Less Coverage, Higher Costs

The Congressional Budget Office estimated Wednesday that a skinny repeal could result in 16 million more people uninsured in a decade than under Obamacare. The nonpartisan agency projected previously that premiums could climb about 20% compared to Obamacare if the individual mandate was repealed, according to an estimate it issued in December.

Younger, healthier people dropping insurance because they no longer get penalized for not having it could “make coverage more unaffordable and inaccessible,” the Blue Cross Blue Shield Association said in a statement Wednesday.

“Republicans are in a box,” James Capretta, a resident fellow at the conservative-leaning think tank American Enterprise Institute, wrote in RealClear Health. “They have argued repeatedly that they need to pass legislation to steady the insurance marketplace, but they are proceeding with legislation that will almost certainly have the opposite effect.”

It’s unclear whether Senate GOP leaders will muster enough votes to pass a skinny repeal. The proposal’s prospects already face challenges in the House after Representative Mark Meadows said the conservative Freedom Caucus he leads won’t support it, possibly setting up a scenario where both chambers would have to work out a compromise.

Tight Timeline

Insurers are asking for more certainty than a skinny repeal bill would provide, and the timeline is tight. In many states, they’re supposed to set final premiums by the middle of August.

Companies have also warned of serious disruption to the markets if the Trump administration stops making payments the companies use to reduce low-income customers’ costs. On Wednesday, Anthem Inc. threatened to hasten its retreat from Obamacare’s marketplaces unless the government makes a firm commitment to fund the program.

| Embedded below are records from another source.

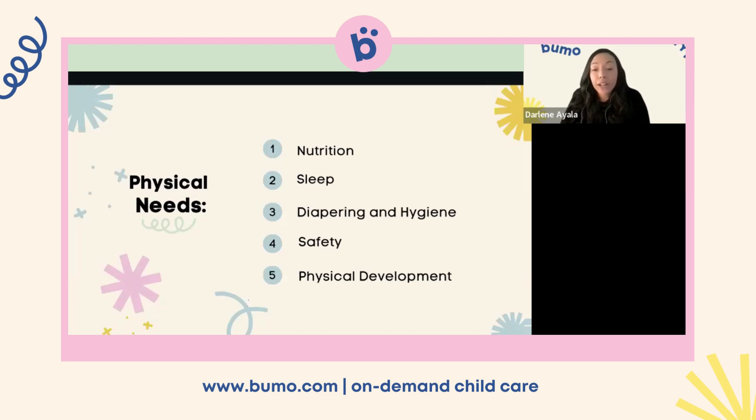Physical development: supporting an infant's physical development includes offering tummy time to strengthen neck and upper body muscles, encouraging crawling and eventually walking, and providing age-appropriate toys and activities that stimulate motor skills. The environment should have enough space for crawling, pulling up, and tummy time to build those upper body muscles.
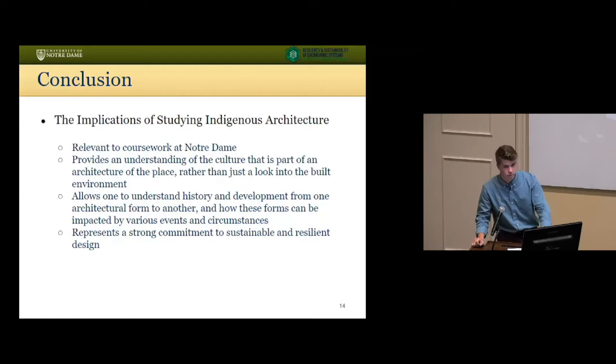Our architecture program at Notre Dame focuses on creating sustainable designs utilizing traditional building methods. For this reason, I think studying Maori indigenous architecture has the potential to become quite influential in my coursework over the next few years. As an indigenous culture, the Maori have cultivated and established a sustainable and resilient built environment, which is fundamentally tied to the guardianship of their land for future generations — a mindset known as kaitiakitanga. This commitment to sustainable architecture is a practice that should be modeled beyond the small island in the South Pacific, eventually becoming an inherent aspect in the way any architect designs.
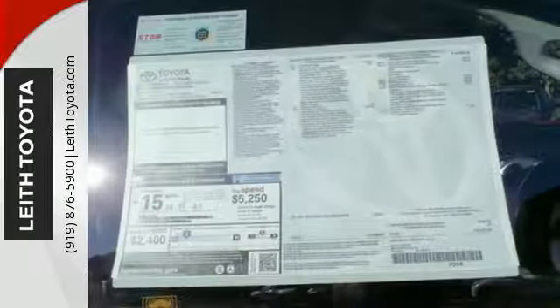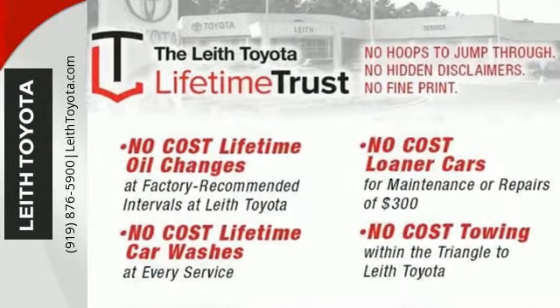Built for a day that never ends, it's the ultra-tough Toyota Tundra. Take it for a test drive today.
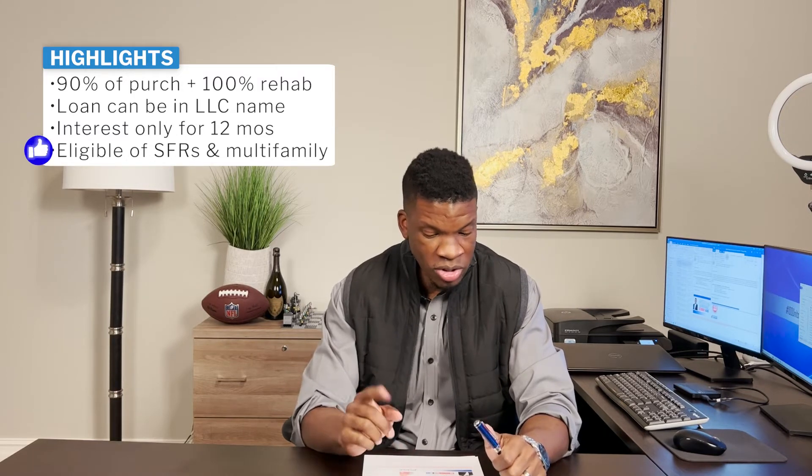Again, our ability to access multiple lenders and bring a variety and flexibility of products to you is allowing us to do this. So quick highlights about the program: we fund 90% of the initial purchase price and 100% of your rehab costs as long as the ARV is there. We can also do these loans in an LLC, and we set it up as interest-only payments for 12 months. This is also eligible on single family as well as multifamily.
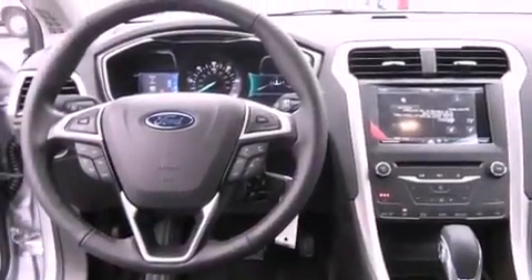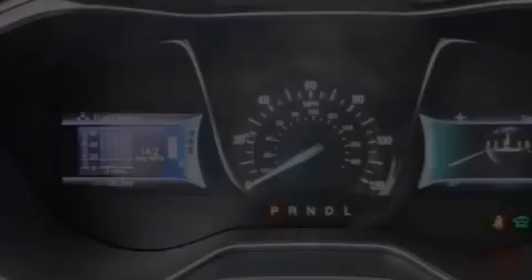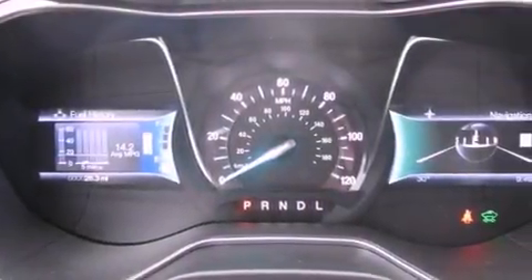Also included are an anti-lock braking system, steering wheel mounted controls, heated side view mirrors, a HomeLink feature, and fog lamps.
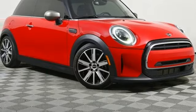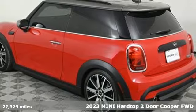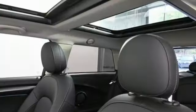It's a 2023 Mini Hardtop 2-door. This true original has been made modern, yet still has the heart and soul of what makes a Mini a Mini. You'll look forward to every drive with features like these.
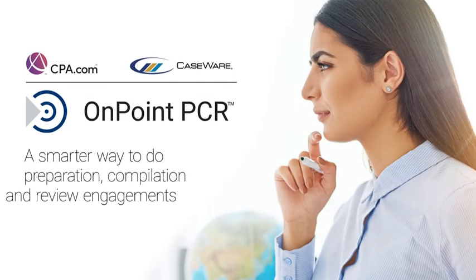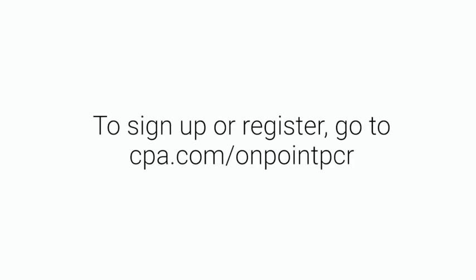OnPoint PCR — a smarter way to do preparation, compilation, and reviews. To sign up for a personalized product demo or register for an upcoming webinar, go to cpa.com/OnPointPCR.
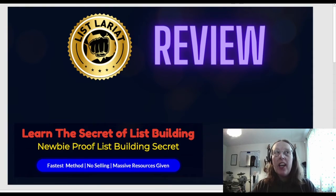Hi all, it's Jaylee here. List Lariat — learn the secret of list building, newbie proof list building secrets, fast methods, no selling, and massive resources given inside. Let's go and take a look at it.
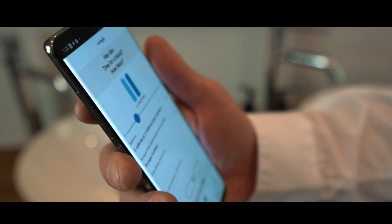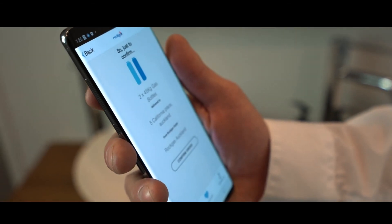On the Rockgas app, choose how many bottles you would like, then click next. You can also order online at rockgas.co.nz.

Without the subsidies, called cost-sharing reduction payments, Anthem said it would need to boost rates for its ACA-compliant plans as much as 18% to 20%. In some markets, Anthem would probably quit instead, the company told investors on a conference call.

“If we aren’t able to gain certainty on some of these items quickly, we do expect that we will need to revise our rate filings to further narrow our level of participation,” Anthem Chief Executive Officer Joseph Swedish said.